Franco didn't listen, and today he is garnering great reviews for his work in "The Disaster Artist," where he plays Tommy Wiseau, the real-life producer, director and star of "The Room," a film dubbed as the worst movie ever.
"If you wanna be an artist of any kind – people are not going to beg you to do it," Franco tells Dokoupil. "You have to want to do it. You have to put in the work. You have to prove it. My parents didn't believe me. You know, it's like I had to do it."
And he has. Franco earned an Oscar nomination for his work in the film "127 Hours," and has amassed more acting credits than many of his well-known contemporaries.
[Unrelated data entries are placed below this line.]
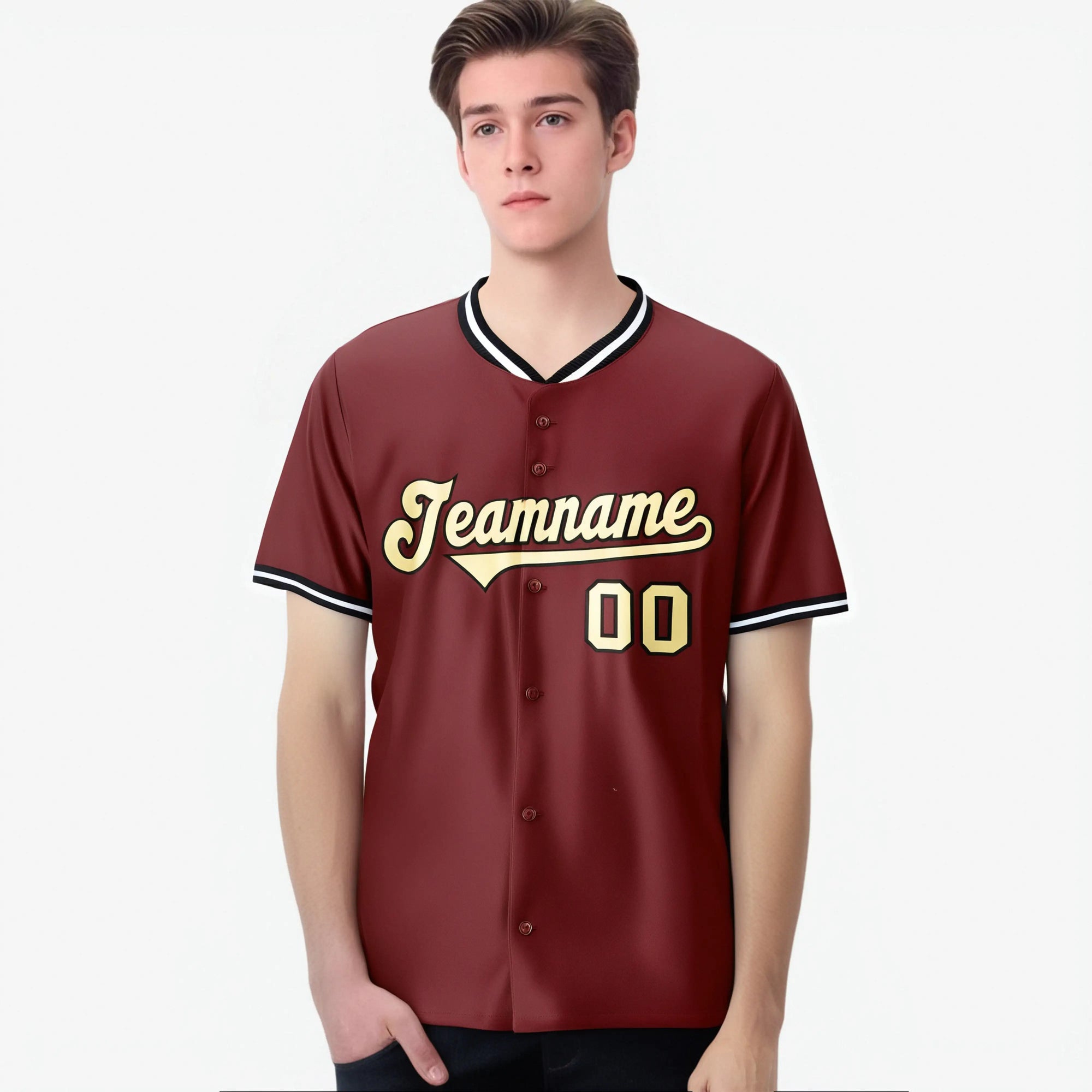 Custom Crimson Gold White Authentic Baseball Jersey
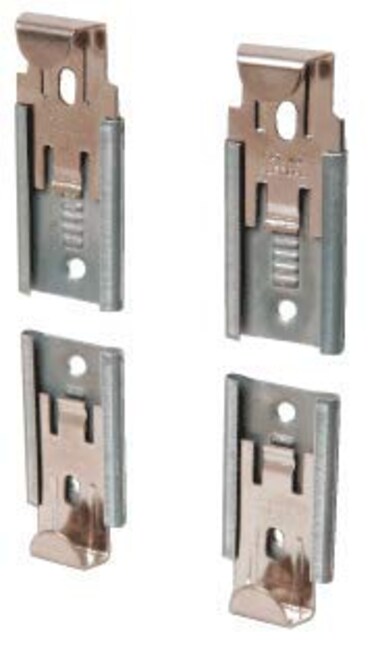 CRL Nickel Plated Adjustable Mirror Clip set for 1/4 in ,6 mmStraight Edge Glass - Package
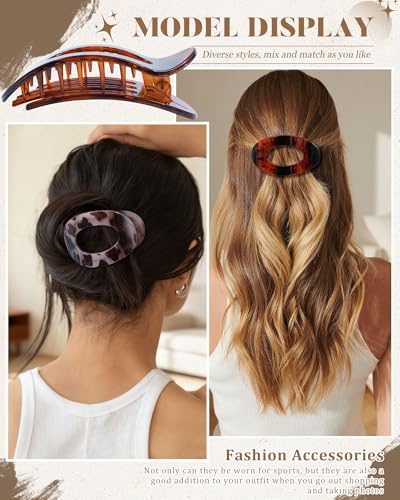 AWAYTR Flat Hair Clips For Women 4.33" Lay Flat Claw Clip for Hair 6Pcs Round Large Hair Claw Clips (Glossy - Leopard Series) - color: Glossy - Leopard Series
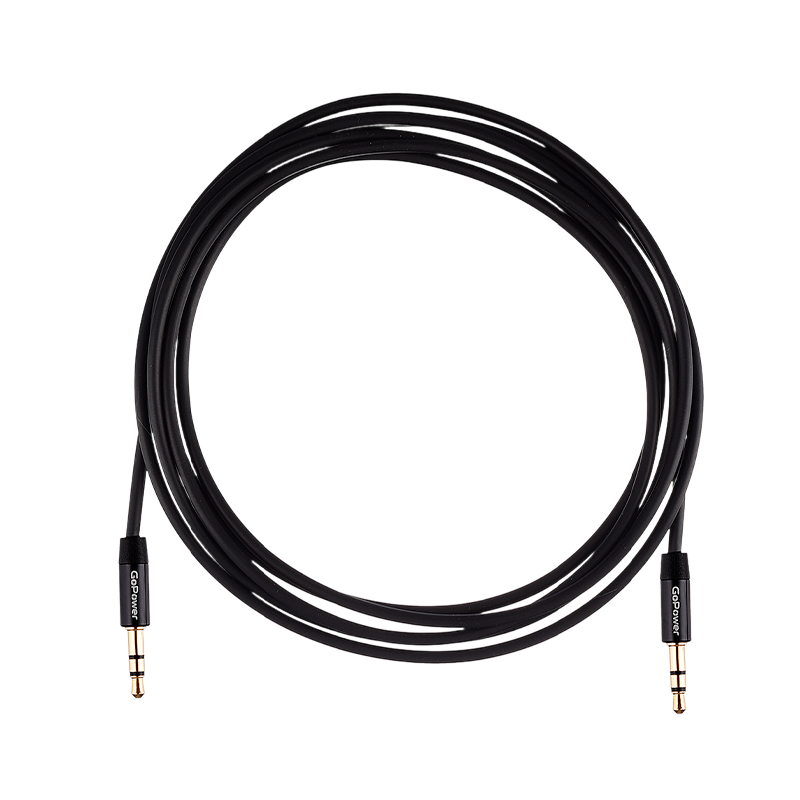 Кабель AUX GoPower Jack 3.5mm (m)-Jack 3.5mm (m) 2.0м TPE черный Premium Zip-Lock c подвесом (1/250)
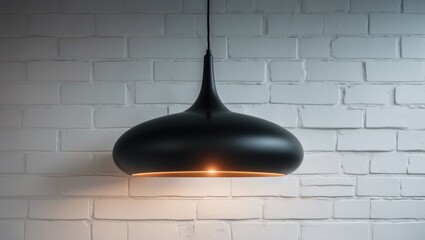 Poster - Black lamp on the ceiling with a white brick backdrop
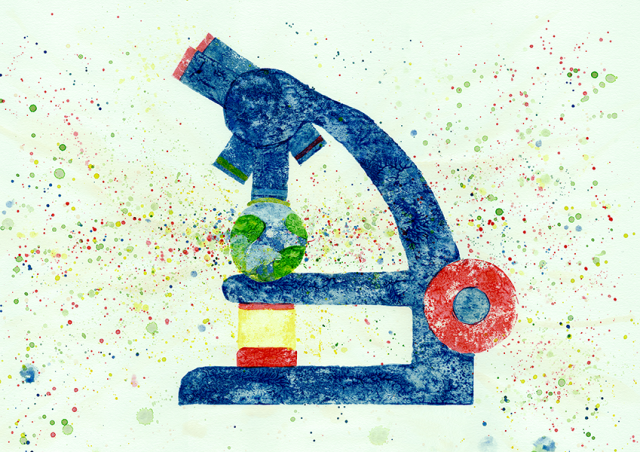 An aquarelle print of a blue microscope examining the world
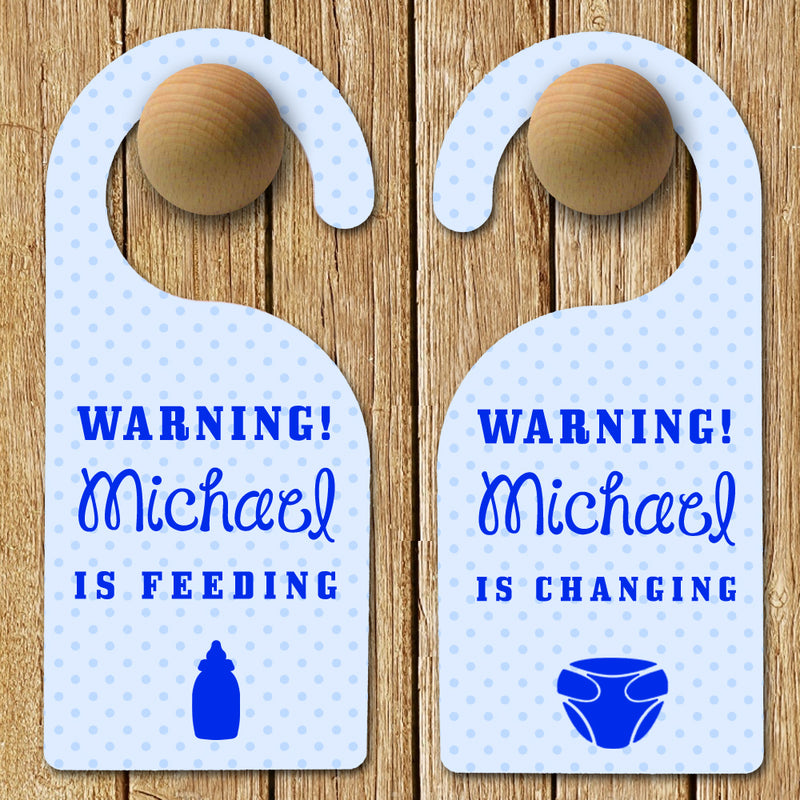 Personalised Baby Warning Door Hanger In Blue By Really Cool Gifts
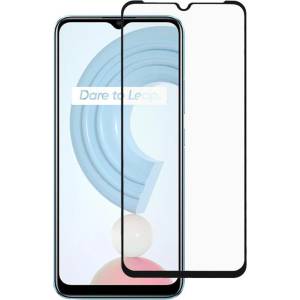  Удароустойчив стъклен протектор за Realme C21 - с черна рамка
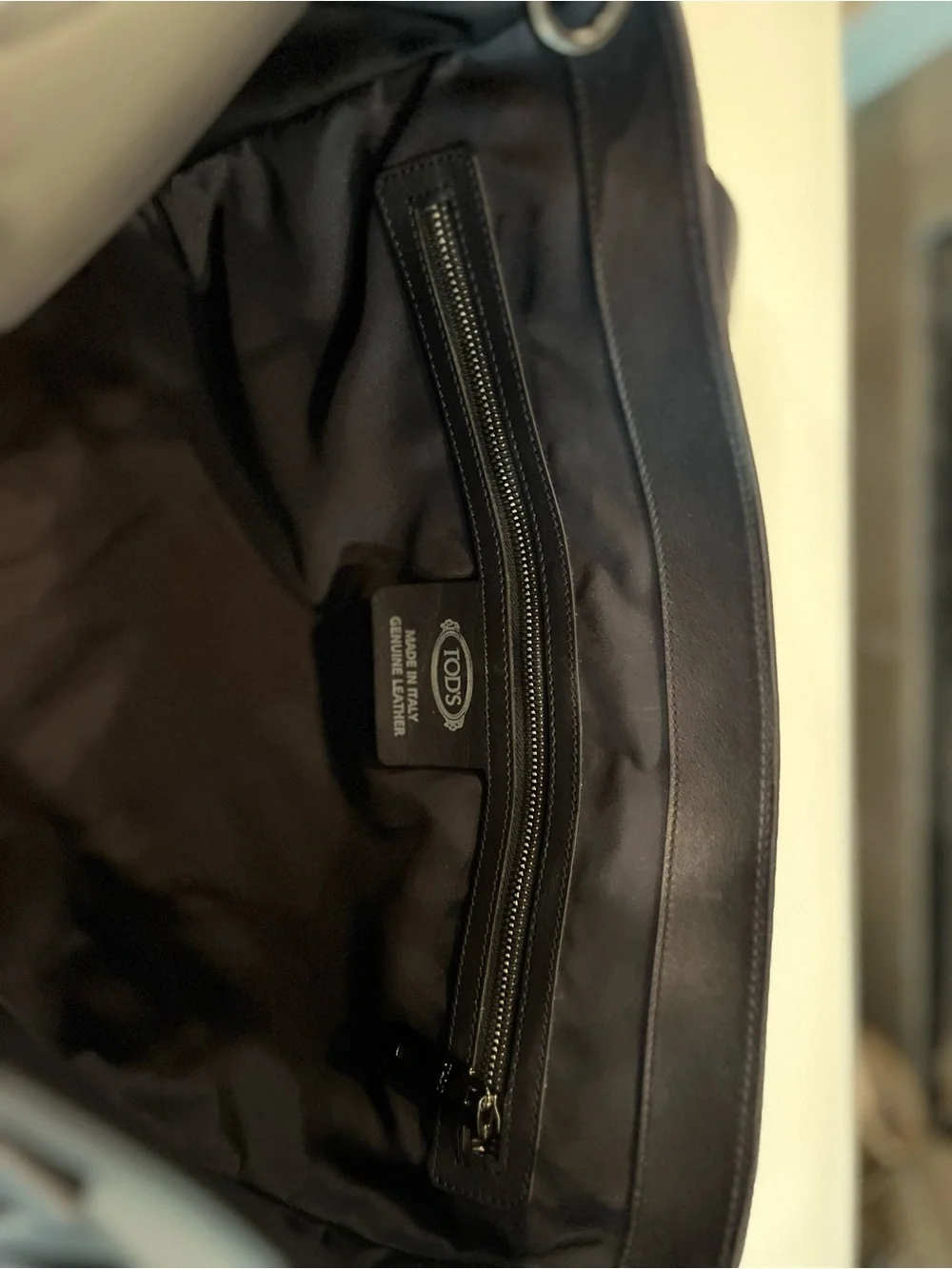 TOD'S Dark Navy Blue Leather Gommino Envelope Briefcase Messenger Bag NWOT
Indeed, Franco also earned a reputation as someone who does too much, too fast, including films, returning to school for multiple advanced degrees and more. He admits to Dokoupil that at the height of his fame he was "really depressed."
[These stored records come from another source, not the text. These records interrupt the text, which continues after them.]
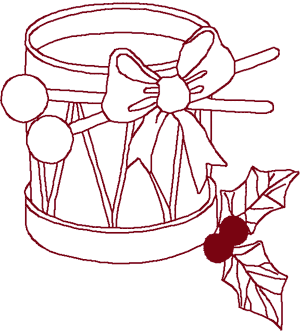 Redwork Christmas Drum Embroidery Design
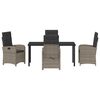 vidaXL Garten Essgruppe mit Kissen 5 pcs Grau Poly-Rattan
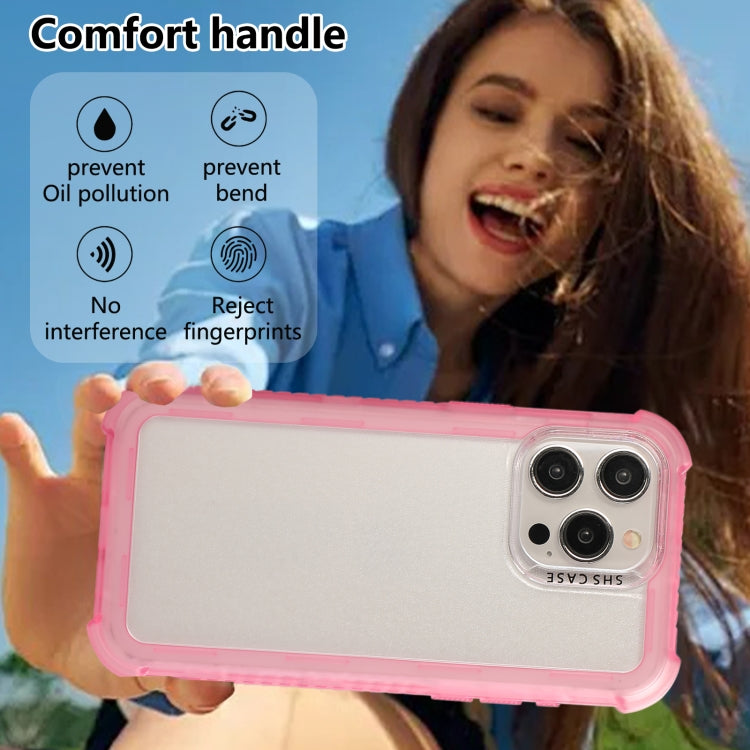 For iPhone 16 Plus Transparent Matte TPU Hybrid PC 3-in-1 Phone Case(Pink)
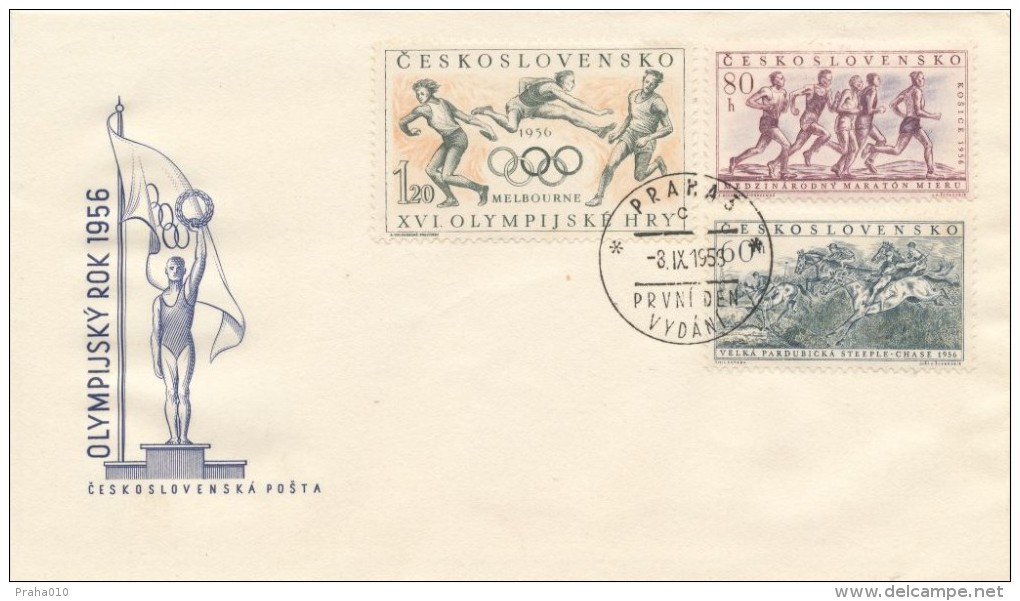 Czechoslovakia / First Day Cover (1956/10) Praha 3 (c): Great Pardubice Steeple Chase, Olympic Games Melbourne, Marathon - Ete 1956: Melbourne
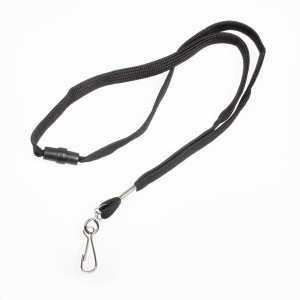 Smycze zapinane zakończone karabińczykiem - O.LANYARD 4 - czarny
Dokoupil talks with Franco about his career, his decision to return to school in 2007 that led to exhaustion, his childhood and his new hobby of surfing.
Now that he's 40 he's slowed down, he tells Dokoupil.
"Hard work does pay off," Franco tells Dokoupil. "But what I didn't realize is that you need – you need balance, and you cannot make your happiness contingent on work. Or on anything outside of you, for that matter, right? It's got to be, at the risk of sounding cheesy, it's got to be a more spiritual thing. I didn't learn that until a year ago."